Some companies are straightforward to explain, but others are better understood when demoed. I recommend watching the video below, but for those that can’t, the brief one-liner is that Leap gives users a way to interact directly with any computer screen using all ten fingers, in 3D space. It is clearer when seen:
The immediate reaction for most is “drool.” When I showed it to our Managing Editor Nathan Pensky, the reaction was simply, “Whaaaaaat?” It is the sort of technology that is so obvious and natural, that everyone immediately sees the value in it.
Leap is the brainchild of co-founders Michael Buckwald and David Holz, who have been working on the product for months now. Initially, the team was irritated that they could visualize 3D objects, but they couldn’t create them because of limited tools. “It is clear that computers are capable of this advanced computing,” says Buckwald, “but that we’ve been limiting ourselves.”
With Leap, the plan is to change this, as users can manipulate objects in real space. The system recognizes 10 points of interaction, and enables applications like 3D modeling and improves upon popular CAD applications. While it may seem like an advanced and intensive application for a computer to run, it is apparently no more difficult than any other peripheral, according to Buckwald.
One question I had for the company is why it isn’t going the Kickstarter route like most other hardware startups, and has instead raised over $14 million in funding. The big reason is that the company doesn’t see itself as a hardware startup, but instead sees itself as a software company that needs hardware for the code to execute upon. This is similar to how Steve Jobs saw Apple.
This focus on software puts the entire business model of the company in a different focus. According to Buckwald, the long-term plan is for the company to license the technology to OEMs, and make the majority of its profits off of third-party integrations. This would likely end up being the smartest market to enter, especially when compared to the $300 million Microsoft Kinect market — a fraction of the potential future interaction market.

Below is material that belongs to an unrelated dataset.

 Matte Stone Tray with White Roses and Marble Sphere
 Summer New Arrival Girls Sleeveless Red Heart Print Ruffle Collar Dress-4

The product is slated to launch later this year. The hardware has been finalized as of a month ago, and the team is fully focused on finishing the software and readying it for launch. The company is looking to make it easier for the Leap to work with existing applications and build off of code that works with stylii and touchscreens, simplifying the work developers need to do. However, the plan is to eventually open up the product to third-party developers via an SDK.
With the funding in place, the hardware finished, and a slow rollout over time, the product will likely be rather polished by the end of the year. In the meantime, for user experience junkies out there, there is a $70 limited pre-order form available on the company’s website.